Computer graphics processing and selective visual display system – Computer graphics processing – Three-dimension
Reexamination Certificate
2001-04-23
2004-07-20
Jankus, Almis R. (Department: 2671)
Computer graphics processing and selective visual display system
Computer graphics processing
Three-dimension
C345S424000
Reexamination Certificate
active
06765572
ABSTRACT:
FIELD OF THE INVENTION
The invention relates to an image processing system and method, especially, but not exclusively, within the context of toys and video games.
BACKGROUND ART
Video games and graphics games and other computer-related entertainment software applications have become increasingly more widespread, and are currently being used even on mobile phones. In multi-player games or applications, players use animated graphical representations, known as avatars, as their representatives in a virtual environment. Dedicated devices are being marketed for electronic pet toys, e.g., Tamaguchi: a rearing game, wherein the user has to take care of a virtual animal rendered on a display monitor.
SUMMARY OF THE INVENTION
The creation of virtual interactive worlds with graphics creatures and objects is an art form that does not lend itself well to being masterfully applied by a layperson, let alone by a child. Nevertheless, software applications that enable a layperson or a youngster to create such creatures and objects would be welcomed, as they help to give a person control over previously unattainable aspects of electronic worlds. The inventor therefore proposes a system and tools to enable to create electronic objects and creatures in a user-friendly and easily understood manner.
The invention provides a tool to map a 3-D physical object onto a 2-D outline or silhouette in electronic format. For example, the 3-D object is illuminated and its shadow is cast onto an array of light-sensors. The light sensors enable to translate the shadow into a 2-D bitmap. Rotating the 3-D object gives another shadow and another bitmap. Preferably, each bitmap is associated with information about a relative orientation of the light source, the physical object and the sensor array. The collection of bitmaps and relative orientations enables to reconstruct a 3-D graphics representation of the physical object's shape. For example, each voxel is removed from a voxel space that does not belong to a cylinder with a specific bitmap as cross-section, when the bitmap is projected onto the voxel space in its proper orientation.
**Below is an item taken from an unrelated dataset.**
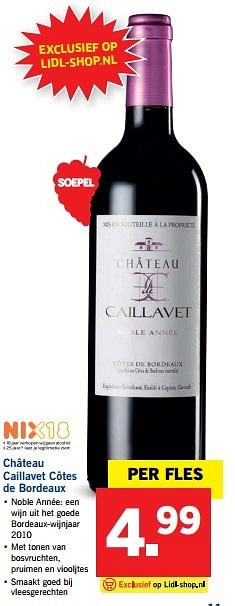 Aanbiedingen Château caillavet côtes de bordeaux - Rode wijnen - Geldig van 29/05/2017 tot 03/06/2017 bij Lidl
This process works acceptably well for an object whose surface is convex anywhere. However, a physical object with a concave portion, e.g., an apple from which someone has taken a bite, or a teacup, may give rise to a distorted graphics representation. This is due to the concave portions being masked in all orientations of the object by portions of the physical object surrounding the concave part. Therefore, the inventor proposes to provide software tools to enable the user to deform the 3-D graphics object so as to refine the surface: create concave portions, thru-holes, outgrowths, etc. The graphics object is preferably assigned a coherence: when the user deforms the graphics object by displacing or otherwise modifying its surface (the equivalent of pulling or pushing in the physical world) at a certain location the neighborhood of that location is deformed as well to ensure continuity of the model is ensured. For example, a virtual elephant is created by first using shadowgrams of (a model of) an elephant to get an intermediate graphics object, and then the voxels of the intermediate object are deformed to get a closer approximation of the elephant's shape or of the shape of a totally different virtual creature.
Assume that the graphics model is to represent an animated articulated creature: a humanoid, a quadruped, an arachnid, a penguinoid, etc., etc. Preferably, the software tools comprise pre-defined skeletons or matchstick figures onto which the graphics model can be draped, possibly after some resealing. The model is attached to the skeleton, e.g., at the latter's extremities and joints, by defining that certain voxels of the model move with specific points of the skeleton. The skeleton is movable using pre-defined scripts for, e.g., walking, flying, jumping, turning around, etc. Due to the coherence and elasticity defined for the graphics model, the surface of it is then allowed to follow the movement of the skeleton in a more natural way.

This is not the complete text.